Generally, these positions only only require a high school diploma, passing a background check and training. According to the U.S. Bureau of Labor Statistics, the average pay for the work, which requires 24-hour staffing, averages around $46,670 a year.

“In some situations, individuals make more money at fast food restaurants than they could be serving the public and 911,” Brian Fontes, the CEO of the National Emergency Number Association (NENA), told ABC News.

Moreover, the high-pressure work often puts these professionals at risk of post-traumatic stress disorder, according to experts.

“They got to listen to this person screaming and crying on the phone, they maybe even heard them being assaulted, and then they have no idea what happened next,” McDonough told ABC News. “They have no idea what happened next, so there’s some real moral injury that happens.”

McDonough and Dameron added that the lack of flexibility to work remotely during the pandemic and job opportunities during the “Great Resignation” created a workforce shortage by 2021 as “staggering” numbers of workers left the job. Professionals listed the job’s stress and low wages as the top reasons for leaving the field, according to the NASNA/IAED report.

“I could go work at a GEICO call center and probably make more [with] a whole lot less trauma,” McDonough said.

As workers left the job, the remaining staffers at some call centers began taking on more overtime, creating a “miserable circle” of overworked employees, according to McDonough.

Addressing the workforce shortage

Denver centers have responded to the shortage by increasing the starting salary by 45% since 2020, according to Dameron.

Tucson’s 911 center improved its vacation policy and work schedule flexibility and pursued an intentional cultural shift to respect the profession of emergency telecommunication, McDonough said. For example, rather than displaying posters of first responders, their call center instead uses wall space to display call takers and dispatchers, which McDonough says places more importance on the role of 911 professionals separate from first responders like police and firefighters.

McDonough’s approach to improving the perception of 911 professionals to attract and retain candidates is not uncommon. In June, the Minnesota Department of Public Safety unveiled a new recruiting campaign – “911 Dispatcher: It’s Your Calling” – focusing on the importance of public safety telecommunicators.

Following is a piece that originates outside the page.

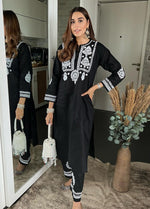 Load image into Gallery viewer, Sahiba Mul Cotton Kurti Pallazo Set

“You’re talking to someone as they’re dying, or you’re talking to someone as they’re giving birth,” McDonough said. “These incredible moments bring anxiety and stress, but they’re also really incredibly meaningful.”

Other noticeable improvements include increasing the number of trainees to accommodate for turnover and hiring crisis call takers to handle calls not suited for an armed police response, according to McDonough. On average, she said her call center refers about 1,000 calls monthly to crisis professionals trained in psychology rather than police or fire departments.

What problems remain?

Even under the best of circumstances, these policies take time to work. Denver still has a roughly 27-second wait time, far from the preferred national standard of 15 to 20 seconds set by NENA. Dameron expects an improvement in the wait time once their larger class of new hires, who still need to be fully trained, become cleared for independent work.

Additionally, smaller dispatch centers often need more funding to compete in a competitive labor market or purchase better equipment.

“In the United States, we have haves and have-nots when it comes to funding,” Heinze said about the localized nature of funding for dispatch centers.

While 40% to 60% of departments have the money to deploy next-generation 911 technology — which works better with digital communications like smartphones — poorer departments struggle to work with outdated equipment, according to Heinze.

911 dispatchers and telecommunicators are also classified by the U.S. Bureau of Labor Statistics as clerical or secretarial workers, which limits the mental health and wellness services these workers can obtain, including workers’ compensation, according to Heinze.

“If they experience post-traumatic stress injuries, workman’s comp does not cover 911 professionals because they are not considered part of the protected services classification,” Heinze added.